South Africa had to adapt, embrace a new technological world and align the education system accordingly, he argued.
Shapiro is not the first to highlight this issue. Newly-appointed joint-CEO of Investec, Hendrik du Toit, also noted his concern that South Africa was a quarter-century behind with regard to education and the development of its people during an interview in 2017.
In a world where computers and robots are reducing job opportunities, it is important to ensure that the population is competitive, he said. The issue is not about race or redistribution but about growing the economy to the benefit of all South Africans and ensuring that the poor and previously disadvantaged also reap the rewards.
Part-time NPC commissioner, Elias Masilela, also previously warned that South Africa feared to deal with its real issues including how it could provide good quality services like education.
There is concern that South Africa may be using business models and theories that applied to an industrial-era economy, while the world around it is rapidly changing. Would it be competitive if it stayed on this course, particularly without also taking radical steps to improve the quality of its education system?

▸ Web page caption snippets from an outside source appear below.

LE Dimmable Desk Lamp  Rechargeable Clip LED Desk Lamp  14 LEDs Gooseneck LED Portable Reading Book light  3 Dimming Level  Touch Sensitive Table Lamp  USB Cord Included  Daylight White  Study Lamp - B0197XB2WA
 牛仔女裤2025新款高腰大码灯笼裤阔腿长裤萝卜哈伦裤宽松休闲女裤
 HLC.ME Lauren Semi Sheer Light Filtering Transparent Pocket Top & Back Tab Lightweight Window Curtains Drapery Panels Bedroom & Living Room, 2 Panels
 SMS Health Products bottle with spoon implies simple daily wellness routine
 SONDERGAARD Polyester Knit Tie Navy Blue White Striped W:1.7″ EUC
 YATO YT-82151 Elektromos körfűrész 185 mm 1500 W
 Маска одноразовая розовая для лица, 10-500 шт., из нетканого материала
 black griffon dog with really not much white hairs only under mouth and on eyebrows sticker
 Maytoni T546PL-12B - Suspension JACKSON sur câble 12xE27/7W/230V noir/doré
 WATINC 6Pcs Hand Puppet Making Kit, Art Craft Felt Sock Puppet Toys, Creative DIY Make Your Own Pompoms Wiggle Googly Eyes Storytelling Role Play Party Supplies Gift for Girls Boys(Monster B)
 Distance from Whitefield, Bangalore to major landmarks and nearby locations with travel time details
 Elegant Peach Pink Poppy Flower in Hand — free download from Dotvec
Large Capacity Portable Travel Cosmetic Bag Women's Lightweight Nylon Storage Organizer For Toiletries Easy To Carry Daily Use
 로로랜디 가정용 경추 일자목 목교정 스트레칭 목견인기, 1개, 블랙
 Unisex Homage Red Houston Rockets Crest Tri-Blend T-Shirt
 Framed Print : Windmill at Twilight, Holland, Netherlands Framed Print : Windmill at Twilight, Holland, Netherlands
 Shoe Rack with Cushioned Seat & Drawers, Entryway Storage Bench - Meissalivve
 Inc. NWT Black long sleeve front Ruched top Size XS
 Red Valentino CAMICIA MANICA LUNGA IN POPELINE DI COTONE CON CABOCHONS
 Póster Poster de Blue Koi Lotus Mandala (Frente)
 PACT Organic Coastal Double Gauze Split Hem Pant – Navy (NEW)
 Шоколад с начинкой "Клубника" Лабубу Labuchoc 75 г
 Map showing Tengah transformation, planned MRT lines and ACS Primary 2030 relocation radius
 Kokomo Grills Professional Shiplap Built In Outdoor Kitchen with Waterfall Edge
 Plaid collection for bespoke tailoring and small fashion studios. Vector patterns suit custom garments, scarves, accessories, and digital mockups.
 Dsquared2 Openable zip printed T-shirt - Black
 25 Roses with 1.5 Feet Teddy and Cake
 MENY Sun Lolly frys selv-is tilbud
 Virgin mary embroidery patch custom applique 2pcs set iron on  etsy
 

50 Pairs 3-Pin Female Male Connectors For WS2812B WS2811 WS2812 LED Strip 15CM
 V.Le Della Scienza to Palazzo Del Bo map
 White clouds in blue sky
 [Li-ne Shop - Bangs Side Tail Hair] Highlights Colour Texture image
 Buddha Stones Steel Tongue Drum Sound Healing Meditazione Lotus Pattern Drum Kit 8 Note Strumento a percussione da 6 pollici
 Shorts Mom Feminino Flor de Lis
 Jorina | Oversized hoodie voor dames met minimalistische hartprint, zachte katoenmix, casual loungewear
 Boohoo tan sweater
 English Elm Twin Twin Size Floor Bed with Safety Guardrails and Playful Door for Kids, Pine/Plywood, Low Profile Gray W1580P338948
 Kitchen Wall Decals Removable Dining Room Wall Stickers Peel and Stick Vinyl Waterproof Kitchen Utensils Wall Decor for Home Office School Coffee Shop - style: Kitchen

Given South Africa’s mineral deposits and significant number of unskilled workers, it is not difficult to see why there have been on-going efforts at reindustrialisation. And while such programmes have merit, one has to ask whether the current scope and trajectory of policy implementation can lead the country to a place where it could still compete competitively on the world stage in ten or 20 years’ time.
Unfortunately, as the country has moved from one crisis to the next, efforts to truly transform the quality of the education system have fallen by the wayside. Instead – arguably to appease young voters – free tertiary education has been announced
In a recent Moneyweb radio discussion, a market commentator argued that if new ANC-president Cyril Ramaphosa replaced president Jacob Zuma, another cabinet reshuffle would follow. The first three portfolios that needed new hands were Finance, Public Enterprises and Mining, he said.
It is difficult to argue with that. Asking for changes to the education portfolio while South Africa is on the verge of another credit rating downgrade, Eskom about to default and the mining industry in the doldrums, is arguably akin to phoning a civil engineer to inspect the foundation of the house while there is a fire at the backdoor and a leaking pipe in the bathroom.
On-going efforts to put out the most recent fire or leak (think Nenegate, cabinet reshuffles, junk status, state capture, Eskom, SAA) have taken up so much capacity that quality education has become an after-thought. While access is an issue that has to be addressed, the introducing of free tertiary education is putting a roof on a property with significant foundational deficiencies.
The World Economic Forum’s Global Competitiveness Report 2017/18 ranks the quality of the country’s primary education 116th out of 137 countries. The quality of the higher education and training system is ranked 114th while the quality of maths and science education is placed in 128th position.
Will South Africa still be in a position to undo the structural damage caused by a dysfunctional education system in ten or 20 years from now?
In the meantime, as South Africans gear up for significant tax hikes to be introduced in the upcoming budget, there is a silent “tax” quietly finding its way into the homes of many South Africans. It is the cost of providing a quality education.
While there are numerous public schools where the quality of education is at least on par with private schools, if not better, many South African families don’t have access to these schools and places may be limited. The number of private schools that have sprung up around Johannesburg in recent years, suggests that there is a significant appetite for private education in certain areas of the country. This is presumably – at least in some cases – an effort to overcome the shortcomings of the public education system.
But it comes at a significant cost – one middle- and even upper-middle-class families may struggle to afford. Moreover, it leaves low-income families at a disadvantage.
According to Old Mutual, the cost of education is expected to increase by around 9% per annum. The expected cost for one year of education is shown below.
According to Statistics South Africa’s General Household Survey, almost two in every ten potential learners cannot attend an educational institution due to a lack of money to pay for fees.
While a lack of funds should not keep any child from receiving a quality education, the sad reality is that as long as government neglects to address the quality issues inherent in the education system, it creates a vicious cycle which reinforces unemployment, poverty and inequality.
And it renders the country increasingly uncompetitive in a world where technological advancement continues to baffle the mind.